_PROMPT_.
Write out all the entries word for word and omit any pictures.

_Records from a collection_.
——————————
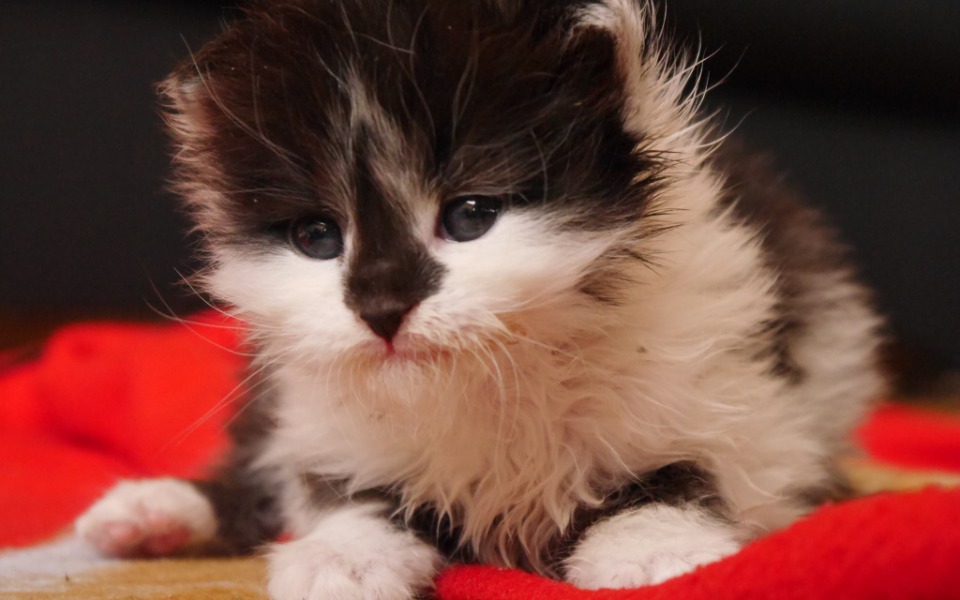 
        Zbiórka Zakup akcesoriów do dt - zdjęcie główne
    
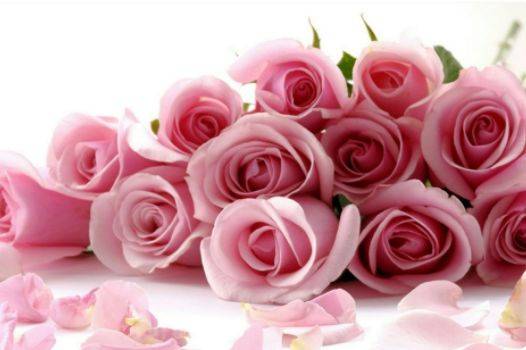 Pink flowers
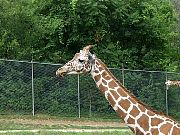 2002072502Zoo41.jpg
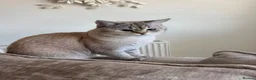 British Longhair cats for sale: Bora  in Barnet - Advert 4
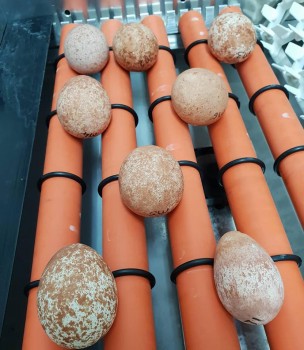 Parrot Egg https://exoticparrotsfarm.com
——————————
_REPLY TO THE TASK_.
        Zbiórka Zakup akcesoriów do dt - zdjęcie główne
    
 Pink flowers
 2002072502Zoo41.jpg
 British Longhair cats for sale: Bora  in Barnet - Advert 4
 Parrot Egg https://exoticparrotsfarm.com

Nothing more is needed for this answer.